Records from a collection
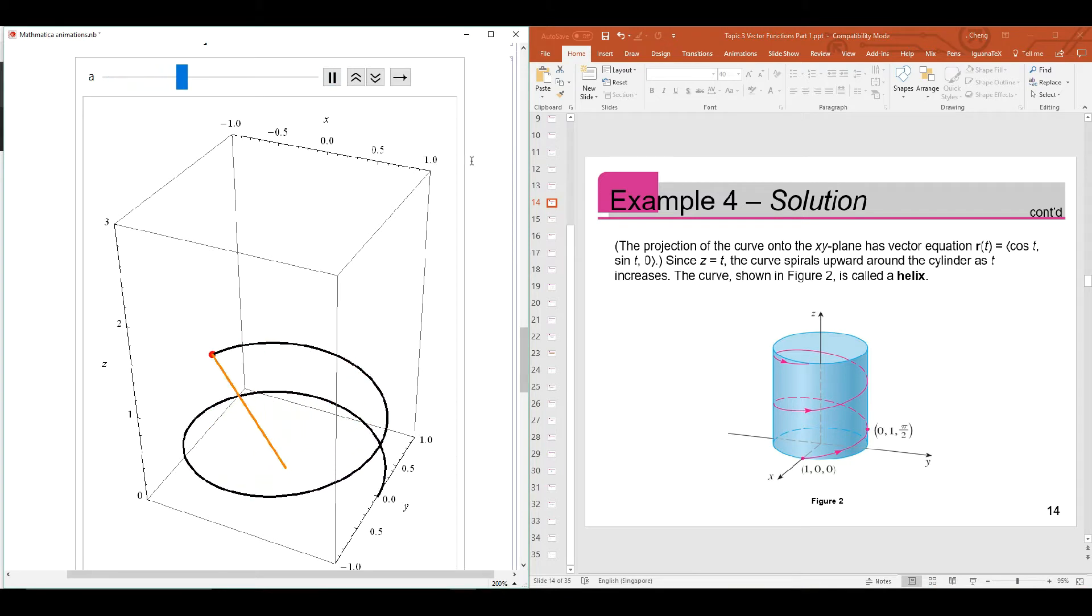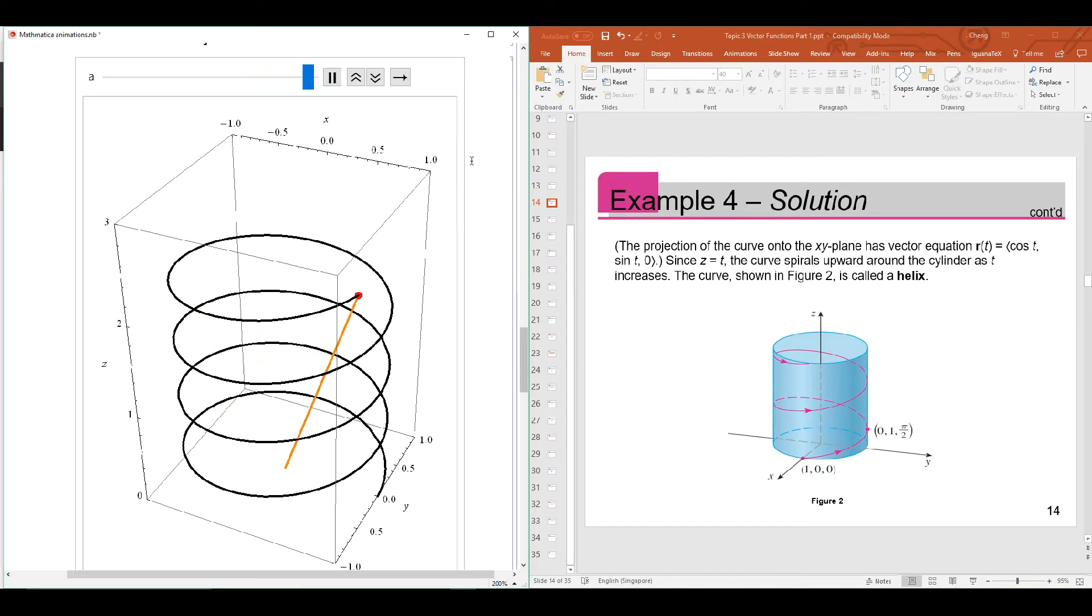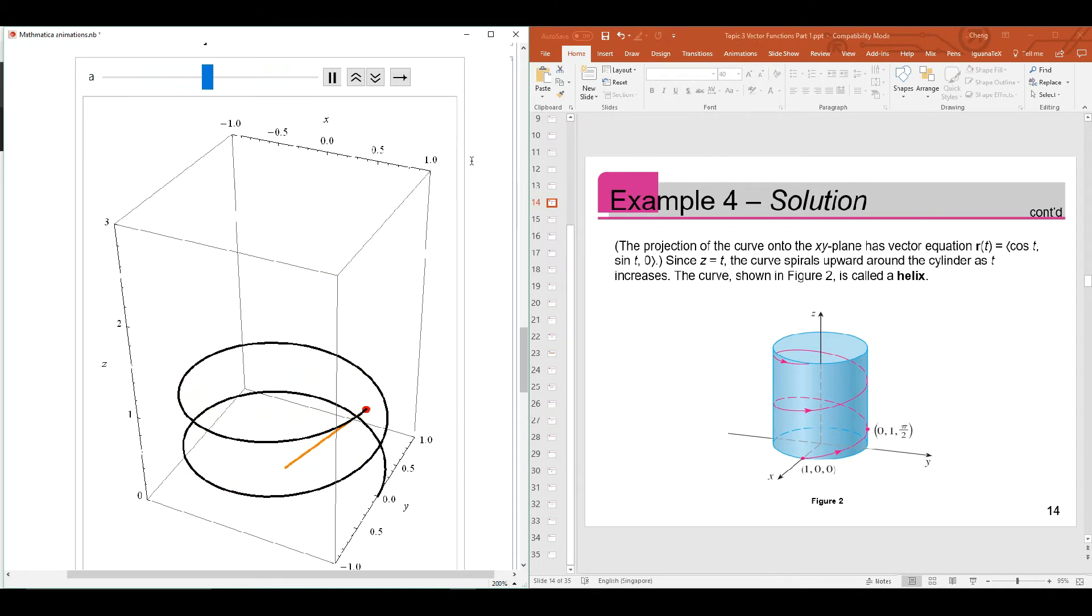It begins to spiral in an anticlockwise direction and moving upwards. The orange color straight line is actually the position vector of the point on the curve. So the position vector is also moving.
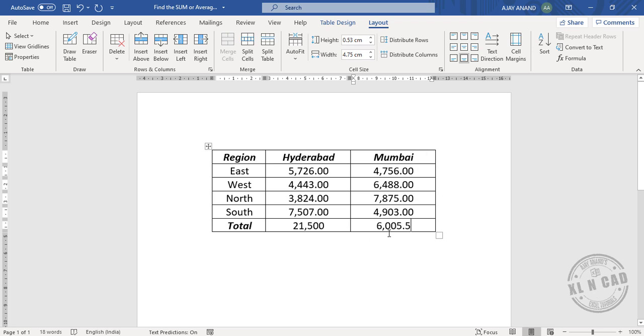Okay, and we have the average of these values. Note that these formulas are dynamic.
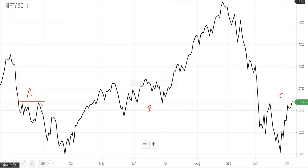Most traders think that if price reaches point A, then it will decline. So most of them try to book profit — they try to sell. That is the reason price comes down when it hits point A.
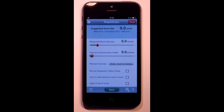Welcome to RapidCalc, the dose calculator for diabetics. It's designed to remember things so that you don't have to. It makes dosing as simple as 1, 2, 3.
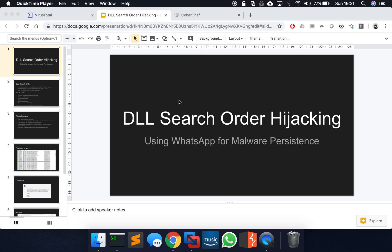Hey guys, Colin here, hope you're well. Today I'm going to talk about DLL search order hijacking and I'm going to use an example from WhatsApp to demonstrate how potentially it could be misused in the context of malware persistence.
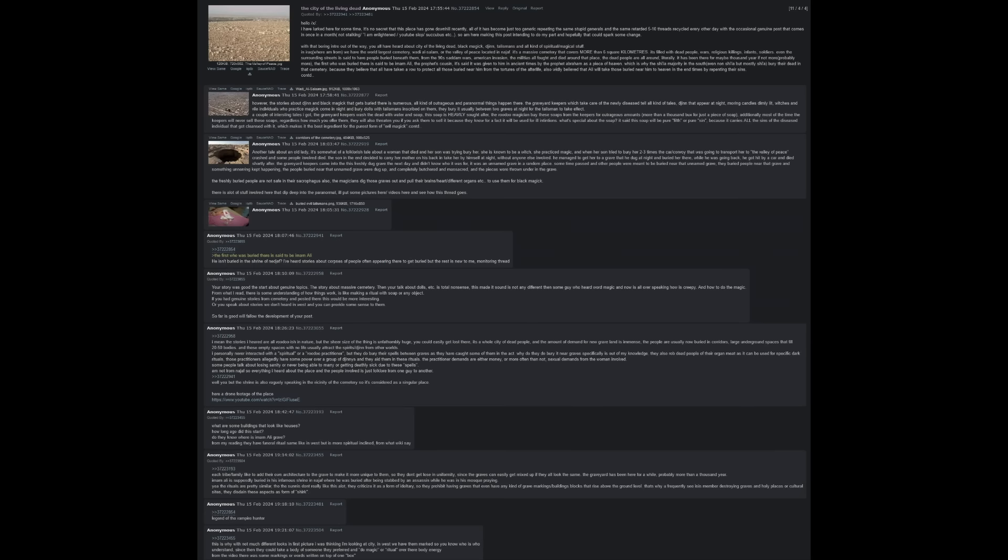The City of the Living Dead. You all have heard about City of the Living Dead, black magic, jinn, talismans, and all kind of spiritual and magical stuff. In Iraq, where I am from, we have the world's largest cemetery, Wadi al-Salam, or the Valley of Peace, located in Najaf.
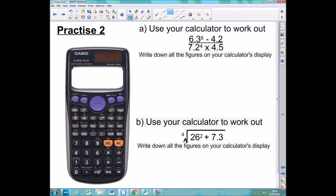Here are two slightly harder questions for you to have a go at. The first question involves the fraction button and also powers, so you'll have to use the power button. For the question at the bottom, you'll need the any-root button — remember, push shift and then the power button to get any root. You'll also be squaring in there, so you'll need that squared button as well. Remember, your goal is to get exactly those calculations displayed on your calculator exactly as they look. Pause the video and have a go at those.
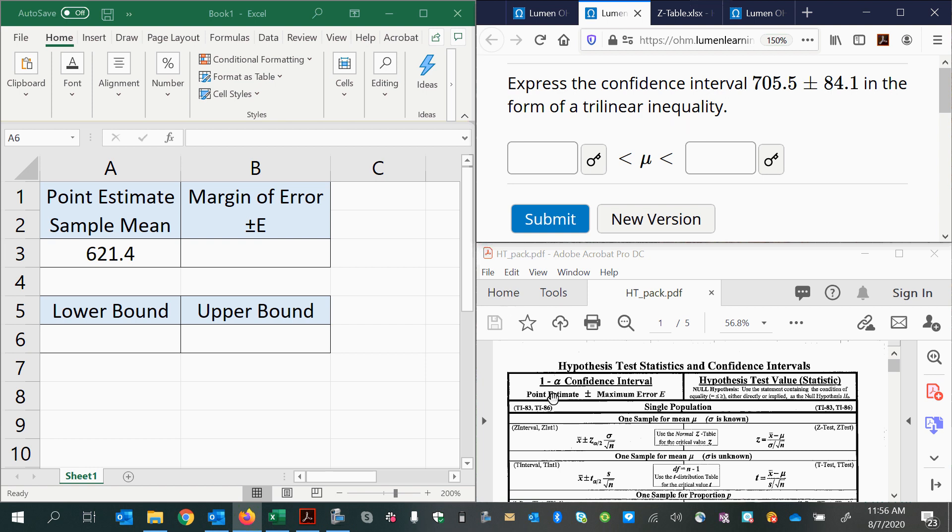If we look at the formula sheet, we can recall that the format given is the point estimate plus or minus the margin of error.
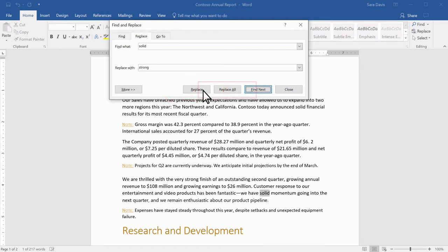Or select Replace All if you'd like to change wherever this text shows up in your file.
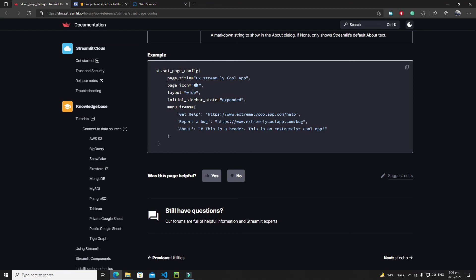This is how set_page_config works and how you can configure your web app. I hope you have enjoyed this tutorial, and in the next tutorial we will see something new. Till then, bye bye.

◆ **Task objective**:
Copy the entries above exactly, but only the stretch from the line containing "Okay, and we" through the line containing "If we look at". Keep both end lines; drop the pictures.

◆ **Solution to this task**:
Okay, and we have the average of these values. Note that these formulas are dynamic.
Most traders think that if price reaches point A, then it will decline. So most of them try to book profit — they try to sell. That is the reason price comes down when it hits point A.
Welcome to RapidCalc, the dose calculator for diabetics. It's designed to remember things so that you don't have to. It makes dosing as simple as 1, 2, 3.
Hey guys, Colin here, hope you're well. Today I'm going to talk about DLL search order hijacking and I'm going to use an example from WhatsApp to demonstrate how potentially it could be misused in the context of malware persistence.
The City of the Living Dead. You all have heard about City of the Living Dead, black magic, jinn, talismans, and all kind of spiritual and magical stuff. In Iraq, where I am from, we have the world's largest cemetery, Wadi al-Salam, or the Valley of Peace, located in Najaf.
Here are two slightly harder questions for you to have a go at. The first question involves the fraction button and also powers, so you'll have to use the power button. For the question at the bottom, you'll need the any-root button — remember, push shift and then the power button to get any root. You'll also be squaring in there, so you'll need that squared button as well. Remember, your goal is to get exactly those calculations displayed on your calculator exactly as they look. Pause the video and have a go at those.
If we look at the formula sheet, we can recall that the format given is the point estimate plus or minus the margin of error.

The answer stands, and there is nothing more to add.